Choosing appropriate search syntax for Classification Rules

Types of Classification search term syntax

When designing a classification rule, the flexibility of the Lucene search syntax means that classification authors have the choice of either targetting specific fields or entering generic terms that will be matched against all available fields.

For instance a specific query might be formatted like this:

company_name:"Active Navigation" OR filename:"Active Navigation"

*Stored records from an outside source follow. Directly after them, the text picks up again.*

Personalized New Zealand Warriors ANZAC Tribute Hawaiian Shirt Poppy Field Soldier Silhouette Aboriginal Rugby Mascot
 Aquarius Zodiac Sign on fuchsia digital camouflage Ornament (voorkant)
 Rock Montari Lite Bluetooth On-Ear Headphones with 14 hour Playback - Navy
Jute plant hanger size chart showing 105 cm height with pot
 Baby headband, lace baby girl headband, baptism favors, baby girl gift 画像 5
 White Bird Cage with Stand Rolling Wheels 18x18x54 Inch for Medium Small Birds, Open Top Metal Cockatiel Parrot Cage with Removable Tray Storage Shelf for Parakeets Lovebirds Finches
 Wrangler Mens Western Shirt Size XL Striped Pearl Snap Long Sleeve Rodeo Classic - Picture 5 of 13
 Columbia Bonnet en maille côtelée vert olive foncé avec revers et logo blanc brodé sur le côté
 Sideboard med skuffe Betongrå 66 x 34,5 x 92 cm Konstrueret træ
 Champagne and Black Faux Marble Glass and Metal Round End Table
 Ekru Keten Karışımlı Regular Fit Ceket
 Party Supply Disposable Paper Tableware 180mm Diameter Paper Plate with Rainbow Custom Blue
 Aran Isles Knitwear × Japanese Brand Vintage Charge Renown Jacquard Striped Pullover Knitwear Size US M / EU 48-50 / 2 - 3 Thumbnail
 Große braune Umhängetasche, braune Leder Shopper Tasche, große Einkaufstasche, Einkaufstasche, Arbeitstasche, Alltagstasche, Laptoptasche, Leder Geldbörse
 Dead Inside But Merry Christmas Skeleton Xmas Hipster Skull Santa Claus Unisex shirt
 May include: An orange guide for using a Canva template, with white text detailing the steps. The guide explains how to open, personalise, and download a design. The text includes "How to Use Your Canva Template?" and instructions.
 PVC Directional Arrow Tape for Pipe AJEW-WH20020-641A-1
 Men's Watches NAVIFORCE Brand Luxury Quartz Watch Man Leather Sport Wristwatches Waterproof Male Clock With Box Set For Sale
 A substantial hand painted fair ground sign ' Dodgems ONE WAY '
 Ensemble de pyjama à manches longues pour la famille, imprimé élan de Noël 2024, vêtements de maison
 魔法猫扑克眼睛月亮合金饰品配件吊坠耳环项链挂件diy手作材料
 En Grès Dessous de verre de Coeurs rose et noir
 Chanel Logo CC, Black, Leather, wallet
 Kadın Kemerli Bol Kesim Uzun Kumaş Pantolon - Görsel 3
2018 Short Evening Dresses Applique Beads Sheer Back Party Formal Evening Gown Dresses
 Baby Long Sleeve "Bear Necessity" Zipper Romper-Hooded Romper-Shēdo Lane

A generic query for Active Navigation would be:

"Active Navigation"

Considerations for choice of syntax

Our recommendation is that classification authors should plan their use of fields and metadata in such a way that they can construct queries using specific field names for the following reasons:

  • Classification rules expressed in this way are explicit and predictable; when making decisions based on the result of a classification you can be confident about the way the results were arrived at
  • Performance will be improved by making your search requirements explicit. When a generic search is specified it is expanded to create a complex search based on all available fields, this may impact on the overall performance of classification.
  • Adding additional fields may cause classification to fail (see below)

Problems that may occur when rules use generic terms

Because a search that uses a generic term is expanded to use all available fields, you may encounter issues with the maximum permitted number of search terms when if your system has a large number of fields.

In this case you will encounter "too many bool clauses" errors when running search/coverage operations in the Classification Designer or when classifying an index.